Female Inheritors of Hawthorne's New England Literary Tradition

Adams, Dana W. (Dana Wills) 08 1900 (has links)
Nineteenth-century women were a mainstay in the New England literary tradition, both as readers and authors. Indeed, women were a large part of a growing reading public, a public that distanced itself from Puritanism and developed an appetite for novels and magazine short stories. It was a culture that survived in spite of patriarchal domination of the female in social and literary status. This dissertation is a study of selected works from Nathaniel Hawthorne, Sarah Orne Jewett, and Mary E. Wilkins Freeman that show their fiction as a protest against a patriarchal society.
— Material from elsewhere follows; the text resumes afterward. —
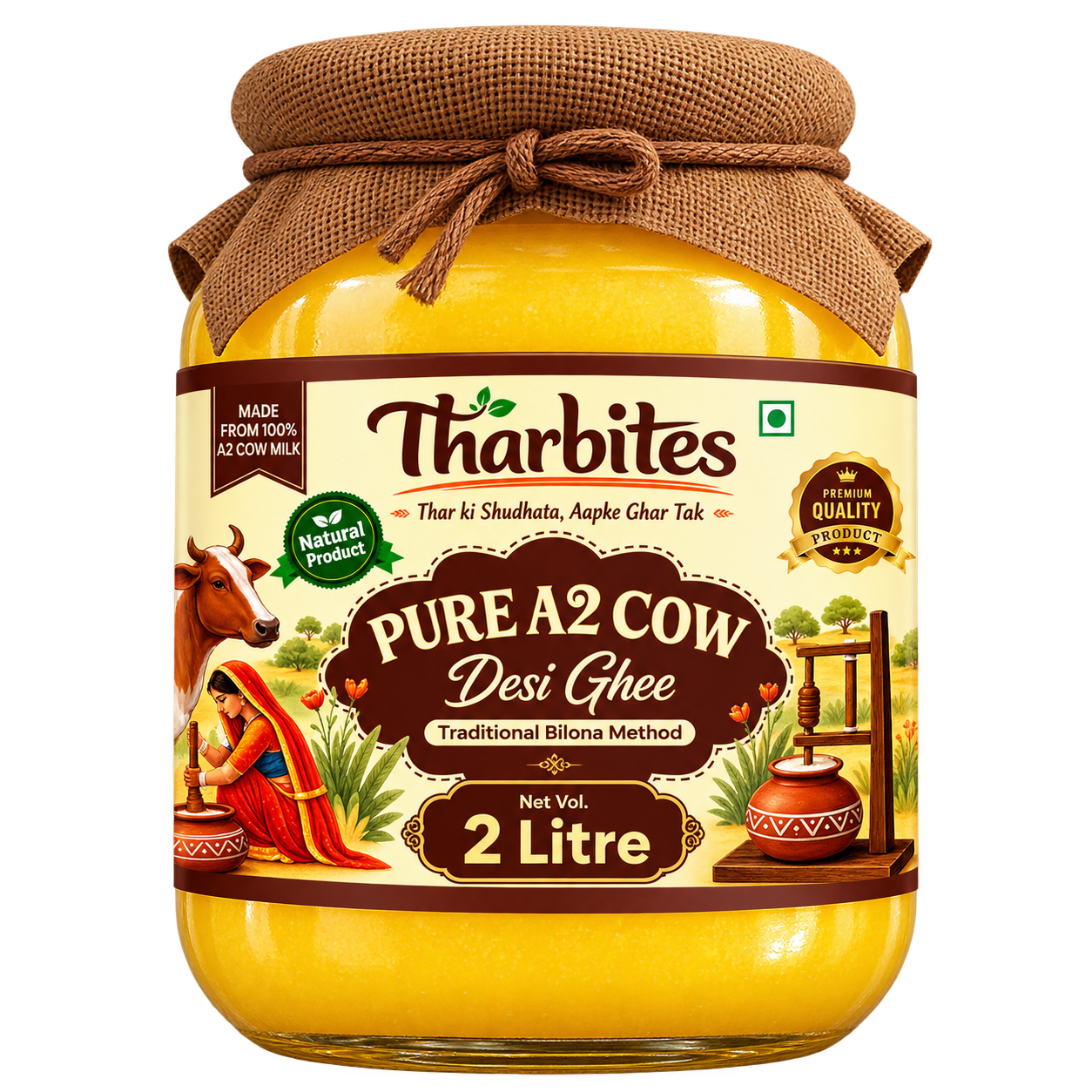 A 2 Desi Cow Bilona Ghee 2 Litres Value Pack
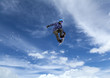 Snowboarder in the sky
The premise of this study is based on analyzing these works from a protest (not necessarily a feminist) view, which leads to these conclusions: rejection of the male suitor and of marriage was a protest against patriarchal institutions that purposely restricted females from realizing their potential. Furthermore, it is often the case that industrialism and abuses of male authority in selected works by Jewett and Freeman are symbols of male-driven forces that oppose the autonomy of the female. Thus my argument is that protest fiction of the nineteenth century quietly promulgates an agenda of independence for the female. It is an agenda that encourages the woman to operate beyond standard stereotypes furthered by patriarchal attitudes. I assert that Jewett and Freeman are, in fact, inheritors of Hawthorne's literary tradition, which spawned the first fully-developed, independent American heroine: Hester Prynne.